Google has released its yearly review Fighting Bad Advertising Practices. In this it reports to have disabled over 524 million ads and banned over 214,000 advertisers from its search results during 2014.
Back in 2012, Google said it was fighting a continuous battle against a number of 'bad actors' from "fraudulent tickets to underground international operations trying to spread malware and spyware."
The Google engineer Sridhar Ramaswamy said that as advertisers submit billions of advertisements to the website, Google must use a combination of technological tools and human intervention in order to combat the volume of malicious ads that appear.
Combating the bad ads of today
Google has shown how it uses an automated system to combat the number of bad ads on its platform.
Taking an example ad for rental properties, Google said most people would assume these were legitimate. But the system had flagged the ads for review.
The director of ads engineering at Google, Vikaram Gupta, said: "After we dug in deeper, we discovered that the system was right to be suspicious - the vacation rentals turned out to be a scam and the rental properties didn't exist."
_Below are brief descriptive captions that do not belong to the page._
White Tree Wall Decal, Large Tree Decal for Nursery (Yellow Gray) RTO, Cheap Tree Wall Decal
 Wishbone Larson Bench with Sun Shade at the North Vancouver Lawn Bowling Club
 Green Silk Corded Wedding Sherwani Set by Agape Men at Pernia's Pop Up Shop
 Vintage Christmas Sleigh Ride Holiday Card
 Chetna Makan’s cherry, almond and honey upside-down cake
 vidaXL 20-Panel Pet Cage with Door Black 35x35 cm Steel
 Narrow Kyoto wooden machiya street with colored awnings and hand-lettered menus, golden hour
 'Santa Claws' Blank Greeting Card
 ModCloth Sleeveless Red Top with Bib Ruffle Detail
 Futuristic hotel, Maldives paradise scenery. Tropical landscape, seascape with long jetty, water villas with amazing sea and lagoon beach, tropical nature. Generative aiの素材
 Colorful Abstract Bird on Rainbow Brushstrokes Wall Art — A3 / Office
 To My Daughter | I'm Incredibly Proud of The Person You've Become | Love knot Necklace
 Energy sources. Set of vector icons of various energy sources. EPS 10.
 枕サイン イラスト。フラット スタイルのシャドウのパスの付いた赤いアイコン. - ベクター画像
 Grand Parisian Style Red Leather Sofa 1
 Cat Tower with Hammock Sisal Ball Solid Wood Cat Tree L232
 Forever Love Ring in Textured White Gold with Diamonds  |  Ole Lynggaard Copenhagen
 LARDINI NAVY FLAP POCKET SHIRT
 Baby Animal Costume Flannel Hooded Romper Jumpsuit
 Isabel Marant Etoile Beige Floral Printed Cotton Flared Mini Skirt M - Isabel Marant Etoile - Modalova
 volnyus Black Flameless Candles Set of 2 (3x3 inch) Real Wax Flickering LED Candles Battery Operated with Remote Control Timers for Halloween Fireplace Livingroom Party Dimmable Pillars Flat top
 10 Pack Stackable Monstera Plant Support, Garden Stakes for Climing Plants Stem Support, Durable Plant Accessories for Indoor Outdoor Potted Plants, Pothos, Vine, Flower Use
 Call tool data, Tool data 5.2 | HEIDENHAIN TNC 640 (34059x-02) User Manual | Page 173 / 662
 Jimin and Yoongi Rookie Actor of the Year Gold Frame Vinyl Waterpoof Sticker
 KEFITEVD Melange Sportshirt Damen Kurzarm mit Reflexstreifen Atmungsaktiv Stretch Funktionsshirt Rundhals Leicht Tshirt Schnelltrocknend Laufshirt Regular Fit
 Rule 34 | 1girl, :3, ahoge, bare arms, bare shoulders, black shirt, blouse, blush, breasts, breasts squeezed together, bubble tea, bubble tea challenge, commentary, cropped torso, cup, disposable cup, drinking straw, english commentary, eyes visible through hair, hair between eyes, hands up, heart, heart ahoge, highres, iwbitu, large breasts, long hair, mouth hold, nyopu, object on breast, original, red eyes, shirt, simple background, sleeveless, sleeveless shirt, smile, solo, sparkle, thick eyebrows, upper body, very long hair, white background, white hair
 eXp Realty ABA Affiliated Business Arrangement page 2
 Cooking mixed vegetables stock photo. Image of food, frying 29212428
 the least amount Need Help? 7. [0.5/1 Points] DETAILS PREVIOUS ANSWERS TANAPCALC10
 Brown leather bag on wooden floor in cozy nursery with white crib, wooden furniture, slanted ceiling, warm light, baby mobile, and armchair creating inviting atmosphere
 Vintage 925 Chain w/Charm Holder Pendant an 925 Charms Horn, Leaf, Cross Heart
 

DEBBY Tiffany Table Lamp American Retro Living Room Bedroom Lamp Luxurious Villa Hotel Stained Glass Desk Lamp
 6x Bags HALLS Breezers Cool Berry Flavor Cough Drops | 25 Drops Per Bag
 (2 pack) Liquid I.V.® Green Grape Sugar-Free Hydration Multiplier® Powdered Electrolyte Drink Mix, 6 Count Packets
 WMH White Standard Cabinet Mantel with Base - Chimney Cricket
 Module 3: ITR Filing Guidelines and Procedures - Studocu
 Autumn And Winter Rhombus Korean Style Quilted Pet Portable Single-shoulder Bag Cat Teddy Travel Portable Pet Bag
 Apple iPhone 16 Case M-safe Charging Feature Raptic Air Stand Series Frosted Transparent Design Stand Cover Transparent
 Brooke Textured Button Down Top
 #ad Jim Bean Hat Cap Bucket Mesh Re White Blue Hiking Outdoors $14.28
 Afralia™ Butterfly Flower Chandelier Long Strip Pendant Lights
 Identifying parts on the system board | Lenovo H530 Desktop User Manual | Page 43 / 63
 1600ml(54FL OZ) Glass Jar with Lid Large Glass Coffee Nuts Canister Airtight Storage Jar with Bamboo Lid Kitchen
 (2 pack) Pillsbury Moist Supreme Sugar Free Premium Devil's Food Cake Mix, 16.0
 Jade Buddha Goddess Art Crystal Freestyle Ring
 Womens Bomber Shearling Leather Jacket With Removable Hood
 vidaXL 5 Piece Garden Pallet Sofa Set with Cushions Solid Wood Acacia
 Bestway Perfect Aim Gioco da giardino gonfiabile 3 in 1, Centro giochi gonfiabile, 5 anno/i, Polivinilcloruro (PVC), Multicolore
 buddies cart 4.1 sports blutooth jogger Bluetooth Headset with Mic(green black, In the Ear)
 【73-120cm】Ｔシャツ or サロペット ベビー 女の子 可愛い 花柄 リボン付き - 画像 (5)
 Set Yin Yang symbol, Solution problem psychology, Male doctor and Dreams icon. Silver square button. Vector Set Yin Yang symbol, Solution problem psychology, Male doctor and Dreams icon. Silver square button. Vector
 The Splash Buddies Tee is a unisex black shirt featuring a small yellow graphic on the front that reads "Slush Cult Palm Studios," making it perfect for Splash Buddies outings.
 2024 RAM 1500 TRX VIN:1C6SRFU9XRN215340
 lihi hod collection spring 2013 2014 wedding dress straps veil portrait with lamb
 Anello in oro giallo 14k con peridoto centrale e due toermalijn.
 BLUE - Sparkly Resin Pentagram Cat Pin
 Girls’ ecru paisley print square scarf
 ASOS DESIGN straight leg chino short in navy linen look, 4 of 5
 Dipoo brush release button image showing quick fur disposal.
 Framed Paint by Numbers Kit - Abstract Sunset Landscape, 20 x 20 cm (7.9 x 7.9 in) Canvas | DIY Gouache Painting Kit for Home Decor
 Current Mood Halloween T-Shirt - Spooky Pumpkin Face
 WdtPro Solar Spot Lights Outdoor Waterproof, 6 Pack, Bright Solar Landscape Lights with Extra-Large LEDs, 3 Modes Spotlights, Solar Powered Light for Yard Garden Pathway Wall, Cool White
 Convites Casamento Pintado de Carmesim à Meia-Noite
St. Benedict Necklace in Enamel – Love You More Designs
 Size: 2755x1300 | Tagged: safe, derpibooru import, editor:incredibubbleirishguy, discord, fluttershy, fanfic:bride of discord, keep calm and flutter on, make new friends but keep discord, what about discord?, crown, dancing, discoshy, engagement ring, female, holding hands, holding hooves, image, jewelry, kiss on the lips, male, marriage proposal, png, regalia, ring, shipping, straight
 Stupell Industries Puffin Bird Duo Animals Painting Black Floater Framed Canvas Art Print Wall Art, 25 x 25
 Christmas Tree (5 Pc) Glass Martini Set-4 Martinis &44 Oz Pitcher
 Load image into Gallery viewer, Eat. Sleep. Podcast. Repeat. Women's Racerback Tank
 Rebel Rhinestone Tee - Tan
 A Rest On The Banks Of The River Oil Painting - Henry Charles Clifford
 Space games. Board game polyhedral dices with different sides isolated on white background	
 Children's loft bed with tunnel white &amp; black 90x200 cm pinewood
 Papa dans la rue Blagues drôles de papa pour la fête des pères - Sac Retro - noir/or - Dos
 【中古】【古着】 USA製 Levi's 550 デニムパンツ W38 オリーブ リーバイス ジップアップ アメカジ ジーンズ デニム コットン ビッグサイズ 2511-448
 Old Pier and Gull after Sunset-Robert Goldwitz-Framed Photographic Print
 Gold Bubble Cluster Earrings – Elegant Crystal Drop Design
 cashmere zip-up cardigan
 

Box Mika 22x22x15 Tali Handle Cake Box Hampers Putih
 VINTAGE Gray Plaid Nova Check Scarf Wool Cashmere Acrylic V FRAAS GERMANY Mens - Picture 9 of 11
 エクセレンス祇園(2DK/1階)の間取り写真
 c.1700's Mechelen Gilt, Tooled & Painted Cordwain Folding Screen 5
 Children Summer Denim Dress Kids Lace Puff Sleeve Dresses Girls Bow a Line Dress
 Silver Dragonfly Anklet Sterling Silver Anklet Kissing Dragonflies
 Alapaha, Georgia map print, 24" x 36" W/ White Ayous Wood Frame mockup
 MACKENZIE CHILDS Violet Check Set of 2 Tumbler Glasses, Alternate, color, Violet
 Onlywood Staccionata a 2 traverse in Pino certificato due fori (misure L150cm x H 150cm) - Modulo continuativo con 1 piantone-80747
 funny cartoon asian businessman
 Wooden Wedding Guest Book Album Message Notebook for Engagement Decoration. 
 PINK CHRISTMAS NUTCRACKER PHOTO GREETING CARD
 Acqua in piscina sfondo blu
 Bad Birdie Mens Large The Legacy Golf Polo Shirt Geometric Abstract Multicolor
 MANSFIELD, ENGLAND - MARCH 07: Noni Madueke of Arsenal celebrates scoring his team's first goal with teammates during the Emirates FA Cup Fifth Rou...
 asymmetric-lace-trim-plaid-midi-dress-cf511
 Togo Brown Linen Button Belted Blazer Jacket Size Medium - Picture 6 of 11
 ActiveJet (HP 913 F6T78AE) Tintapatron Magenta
He added that the technique had helped Google to tackle many more bad actors on the web:
- 7,000 advertisers for promoting counterfeit goods
- 2.5 million ads for promoting outrageous claims for dietary and weight loss supplements
- 250,000 sites from its network for hiding malware
Combating the bad ads of tomorrow
Gupta said: "Bad actors continually create more sophisticated systems and scams, so we too are continually evolving our practices, technology, and methodology in fighting these bad ads".
He stressed Google's commitment to keep its platform clean and stop bad advertising practices, as many legitimate businesses rely on the platform for their advertisements.
Talking about the kind of advertisement Google backs, Ramaswamy said: "We believe ads that are useful... can help you find what you’re looking for online—whether you’re comparing digital cameras or researching new cars."